Reviews

The Foppishness of Praise-By-Attack in Jonathan Franzen’s Farther Away

Farther Away
by Jonathan Franzen
Farrar, Straus and Giroux  April 2012
336 pages / $26  Buy from Amazon

 
 
 
 
 
 
 
 
 
 

There’s a tendency in writing about fiction to praise one novel by attacking others, assuming that, if these other novels are bad, the novel under consideration must be good. This approach is seen with unsurprising frequency in Jonathan Franzen’s 2012 collection Farther Away.  Assessing the stories and novels of Alice Munro, Paula Fox, Christina Stead, and James Purdy, Franzen is categorically unable to praise the writers he cherishes without insulting somebody else.

Eustace Chisholm and the Works, a novel by Purdy published in 1967, is, according to Franzen, “so good that almost any novel you read immediately after it will seem at least a little posturing, or dishonest, or self-admiring, in comparison.” Franzen goes on to say that Eustace Chisholm is better than the sentimental and rhetorically manipulative Catcher in the Rye, superior to the works of Richard Yates, which are haunted by self-pity, and more legit than Saul Bellow, who seems “wordy and academic and show-offy if you read him directly after Eustace Chisholm.” While dissing Purdy’s contemporaries might be fun, it doesn’t tell us much about Eustace Chisholm, nor does it let the novel succeed on its own merits.
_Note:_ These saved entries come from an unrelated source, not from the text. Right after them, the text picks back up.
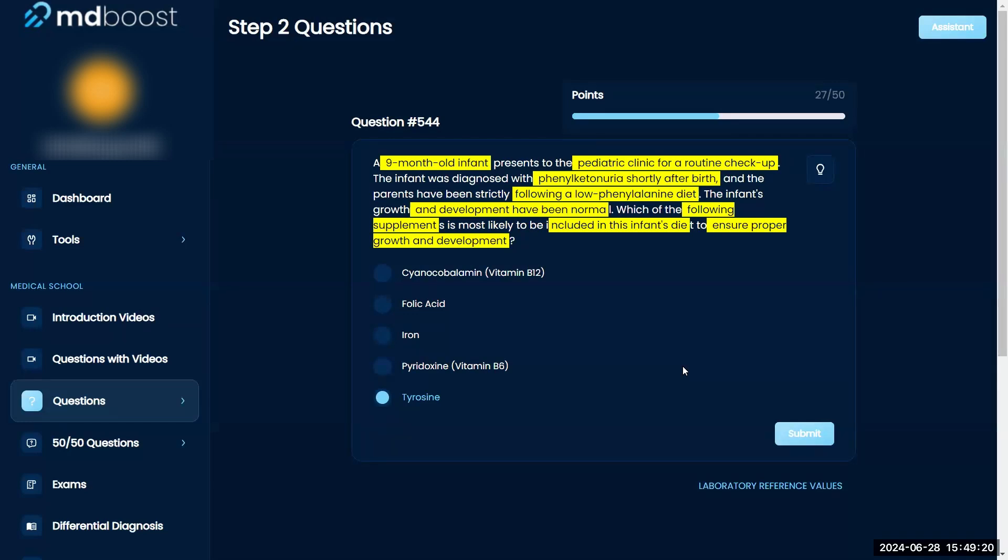Folic acid, iron... I mean B6 is always important for a lot of things, but I don't know if it's related to phenylketonuria or that disease. So yeah, I'd go with tyrosine again. Not super confident, but I'd go with tyrosine.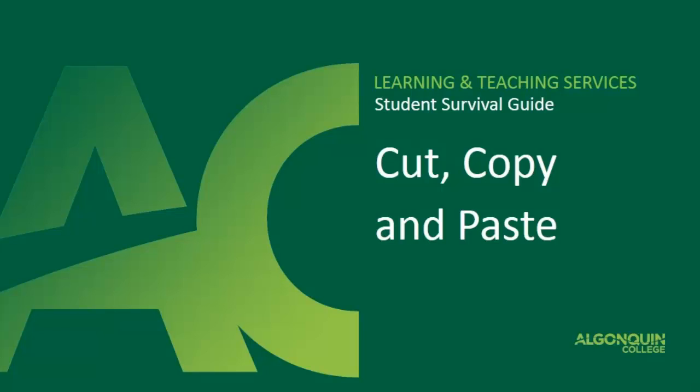Welcome to this video presentation where today I'm going to talk to you about the cut, copy, and paste function on your computer. I'm going to be demonstrating on a Windows 7 computer, but the functions are the same on a Windows 8 computer or a Mac.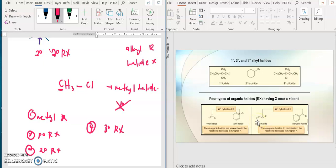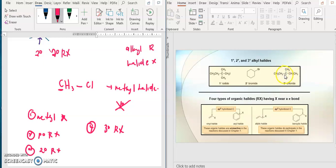Another example — you can check: the carbon attached to Br here is attached to one carbon, two carbons, so that's why it becomes secondary bromide. And this chloride is tertiary because the carbon is attached to one, two, three carbons — directly bonded — so it becomes tertiary chloride. You can also look at allylic, vinylic, allylic, and benzylic types.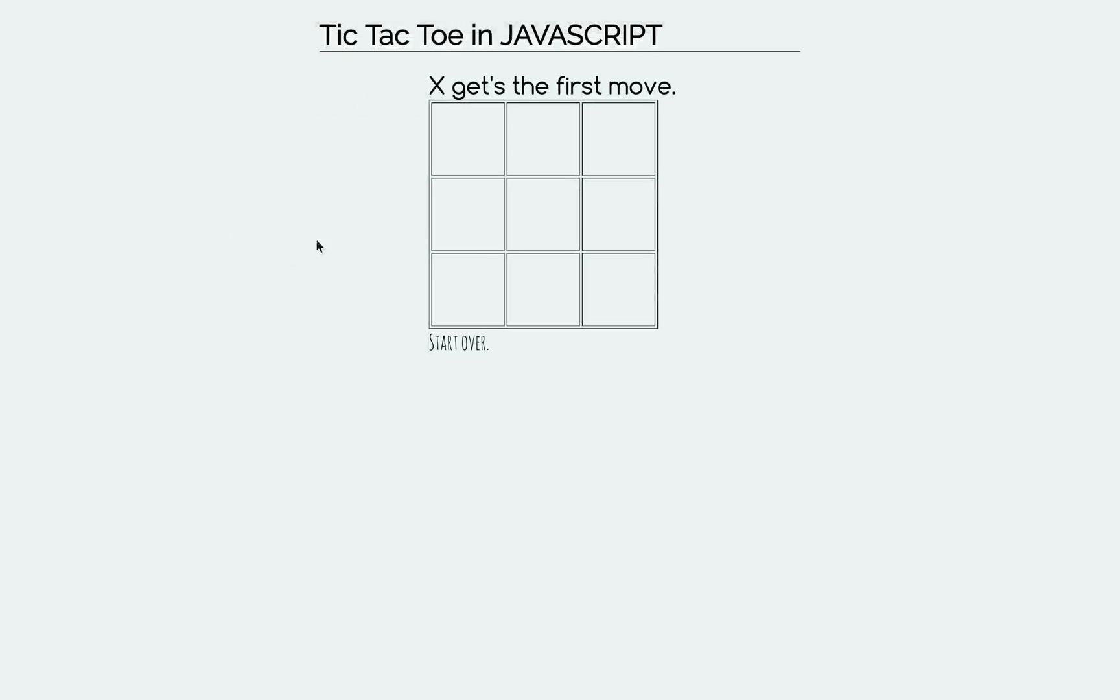Okay, so what we're going to build today is this right here, which is a basic tic-tac-toe game, and it's all in raw JavaScript.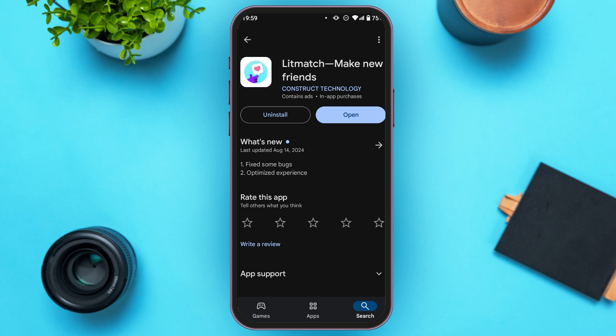All you have to do is tap on it. Here you can see two options: Install and Open. If your app is not updated, instead of the Open option you'll be able to see an Update option. All you have to do is tap on it, and after that your app will be updated and your login problem should be fixed.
A book isn’t good because other books are bad. A book is good in and of itself. Franzen’s claim that the novel you read after Eustace Chisholm will seem “dishonest, or self-admiring, in comparison” is silly. What if, after reading Eustace Chisholm, you read Mary Gaitskill or Modern Baptists? Novels don’t become worse when compared to other novels. Knocking Salinger, Yates, and Bellow is a bully’s way of building up Purdy. This approach of praise-by-attack turns literature into a game of one-up-manship, of petty competition between authors, as though art could be organized using a college basketball bracket system:

Who’s top dog—

Emma Bovary vs. Anna Karenina?

Alice Munro vs. Thomas Pynchon?

James Purdy vs. Paula Fox?

Complimenting one author by criticizing others reduces intelligent discussion about books to a juvenile competition where everybody roots for their favorites and dismisses the other guys as a matter of course, leading to statements like: Raymond Carver is fine, but with her collections from the ’90s Alice Munro really slamdunked in his face!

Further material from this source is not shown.